Lo show narrato e prodotto da Jada Pinkett Smith, moglie di Will Smith, descrive la figura storica della regina egizia appartenente al periodo tolemaico (regnante dal 52 a.C. alla sua morte, avvenuta nel 30 a.C.) come una donna dalla pelle nera. Peccato che la vera Cleopatra non fosse neanche vagamente abbronzata. Un ritratto che ha spinto un avvocato egiziano, Mahmoud al-Semary, ad intraprendere un’azione legale contro Netflix presso il Pubblico Ministero, chiedendo a gran voce la chiusura in Egitto del colosso. È l’ultimo capitolo di una lunga serie di contraccolpi negativi scaturiti dalla pubblicazione del trailer in rete che anticipa l’uscita dello show prevista per il 10 maggio (e a questo punto chissà se verrà confermata).

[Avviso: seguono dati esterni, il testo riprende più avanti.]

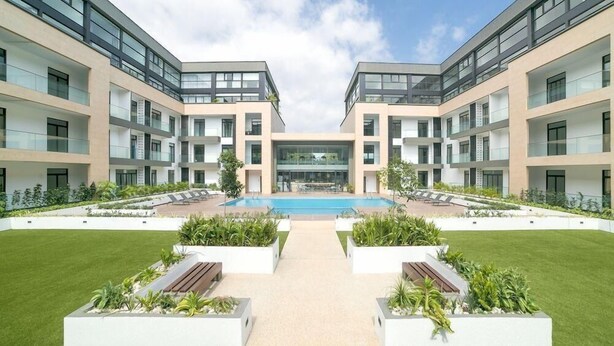 A modern building with a central courtyard featuring a swimming pool, surrounded by greenery and seating areas. - Easy Stay at Embassy Gardens Apartment (Accra)
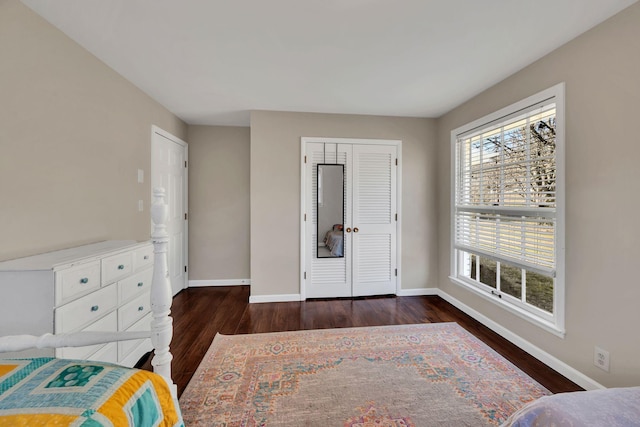 bedroom featuring dark hardwood / wood-style floors and a closet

Netflix ha dovuto scegliere persino di disattivare i commenti sotto il video del trailer su YouTube, oltre che sui vari social network per via delle migliaia di feedback negativi e di insulti da parte di utenti inferociti.

 

 


REALTÀ DISTORTA
La denuncia presentata contro Netflix sostiene che «la maggior parte di ciò che la piattaforma Netflix mostra contraddice i valori e i principi islamici e sociali, in particolare quelli egiziani» e i detrattori dello show ritengono che questa operazione abbia una connotazione profondamente etnocentrica, afrocentrica, tendenza ormai ampiamente diffusa nella riscrittura persino delle fiabe per bambini (esempio: la Sirenetta afro-americana della Disney) che in questo caso mirerebbe a «distorcere e cancellare l’identità egiziana». Sebbene la serie tv abbia fatto arrabbiare anche i greci, visto che Cleopatra fu l’ultima discendente della dinastia tolemaica, circa due secoli dopo che il satrapo Tolomeo si proclamò faraone (Tolomeo veniva dalla Macedonia, ossia da un regno greco), in Egitto la questione è molto più sentita e non da oggi. L’avvocato al-Semary ha infatti scelto di fare leva sulla nuova legislazione in materia introdotta lo scorso settembre dal Cairo proprio per regolare la penetrazione degli show di Netflix, Disney+ e tutte le piattaforme di streaming che vogliano distribuire i loro prodotti in Egitto. Tutti devono attenersi a una nuova serie di regole volte a garantire che i loro contenuti siano «in linea con i valori e le tradizioni» della società locale, come stabilito dal massimo ente per le comunicazioni del Paese nordafricano: il Consiglio supremo per la regolamentazione dei media (Scmr). Un provvedimento che all’epoca venne varato pochi giorni dopo l’annuncio di misure simili da parte degli organismi che disciplinano le attività dei media anche in Arabia Saudita e nel Consiglio di cooperazione del Golfo (Gcc), un organismo regionale con sede sempre in Arabia Saudita che comprende sei Paesi, fra i quali gli Emirati Arabi Uniti.

 

 


FEROCI POLEMICHE
La misura egiziana tra l’altro ha anche una genesi “italiana”, nel senso che fece seguito alle feroci polemiche scatenate a inizio 2022 dall’arrivo in Egitto del remake locale del film di Paolo Genovese Perfetti sconosciuti. Fu la prima produzione in lingua araba a essere distribuita su Netflix e venne accusata anche da politici e rappresentanti delle istituzioni, di trattare temi non consoni alla realtà egiziana: dall’omosessualità, che in Egitto è proibita dalla legge, fino all’infedeltà coniugale. Da allora, le autorità hanno regolamentato le restrizioni e ora la causa anti-Netflix ha una solida base legale per chiedere di interrompere la trasmissione dell’opera perché volta a cancellare e distorcere l’identità egiziana o a falsificare e storpiare la storia d’Egitto.